As for Mims, he still is a ballplayer. He works out every other day and still plays regularly in a Sunday league. He showcased his talents in March at the Syracuse Police Department vs. Syracuse Fire Department charity basketball game.
With a defender overplaying him on the left side of the court in the third quarter of the game, Mims cut behind him and took a bounce pass. The former all-league college basketball player and state finalist high jumper sprung to deliver a two-handed jam over two defenders. The ball through the rim, Mims emphatically slapped the backboard with both hands. He finished the game with 15 points, 11 rebounds and four blocks in a 74-68 Syracuse police win.
Mims’ parents, who are from North Syracuse, were in the stands for the game. They never miss one. They couldn’t contain their smiles after the game while talking with their son, giving the familiar look of proud parents.
This spring, Mims tried out for the Syracuse police SWAT team, an elite unit that would add responsibility for the fast-climbing and challenge-seeking officer.
“The sky’s the limit for a guy like (Ahmad). He’s smart. He knows how to do the job. He’s young and so the sky’s the limit,” said Syracuse Chief of Police Frank Fowler. “Could easily see him being in my position one of these days.”
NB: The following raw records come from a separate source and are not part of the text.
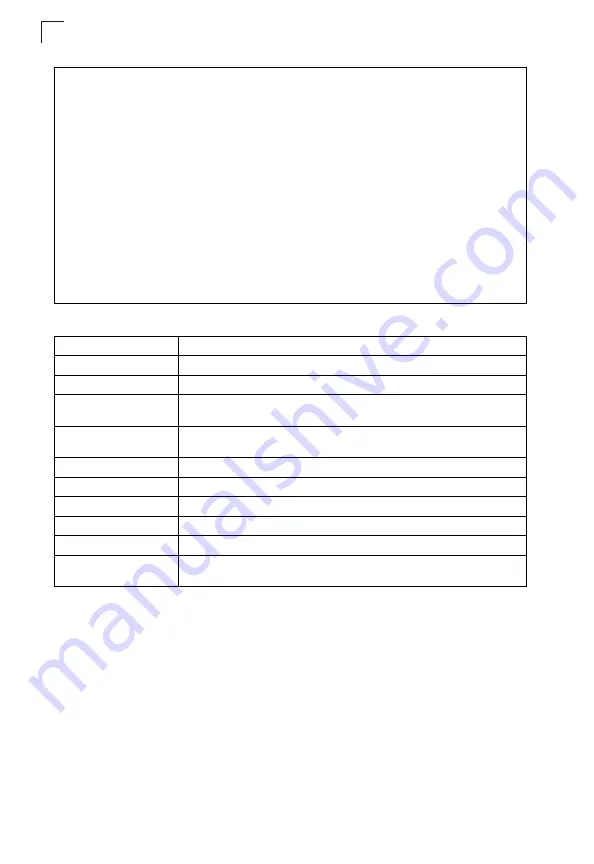 Edge-Core ES4524M-PoE Management Manual Download Page 426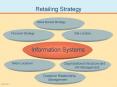 Retailing Strategy PowerPoint PPT Presentation
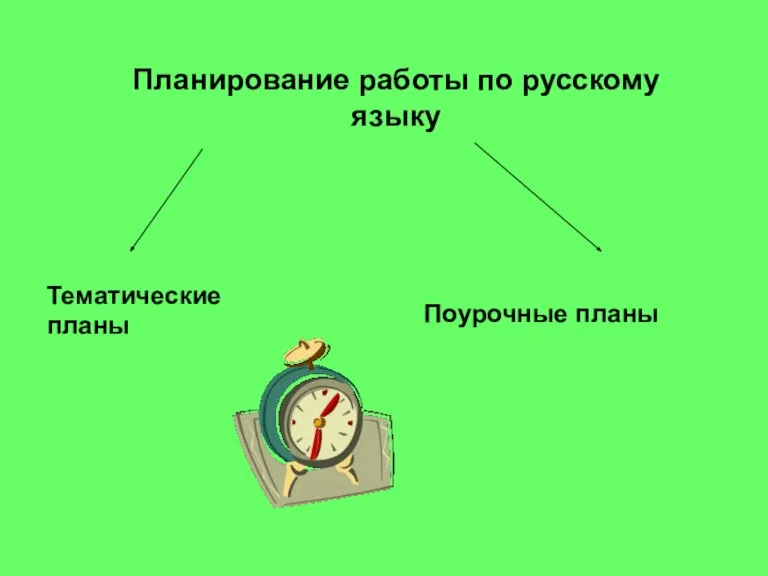 Планирование работы по русскому языку Тематические планы Поурочные планы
When Mims graduated from Oswego, he returned to the school and to his high school as a coach to share his knowledge. Now, as a police officer, he’s working to do the same thing.
He grew up in the city as a black child and wondered out loud over a meal in a Syracuse restaurant recently how great it would be if a child saw Mims, a black police officer, on the job and then wanted to go on to be one, too.
“I know what it’s like growing up out here. I chose a path and it is what it is,” he said. “As a whole we want everyone to be safe. That’s the ultimate goal. We want to preserve life, keep the kids and the streets safe.”
Mims struggles with the state of police-community relations, both in the U.S. and here in Syracuse. There’s not enough respect, he said.
“If you just listen, nobody would ever fight with anybody,” Mims said. “Rather than separate from the police and the community, it’s got to be more of a togetherness.”
Mims wants to see more people attend the Civilian Police Academy to get a better understanding of police work. Forty attended the second one Syracuse has had, held in January.
For Mims, that understanding has come from a life in and around Syracuse. He spent his childhood in the city and got along with police officers he saw on the beat. He’s carried the never-give-up attitude his parents instilled in him through his childhood and into college on the basketball court. Now, he’s not giving up on his city.
“It doesn’t matter black or white, grew up in the city or not, it comes down to respect. Everyone’s got to respect each other,” Mims said. “Doesn’t matter what you look like, who you are, or whether you have a badge or not. One of these days this city will be good again.”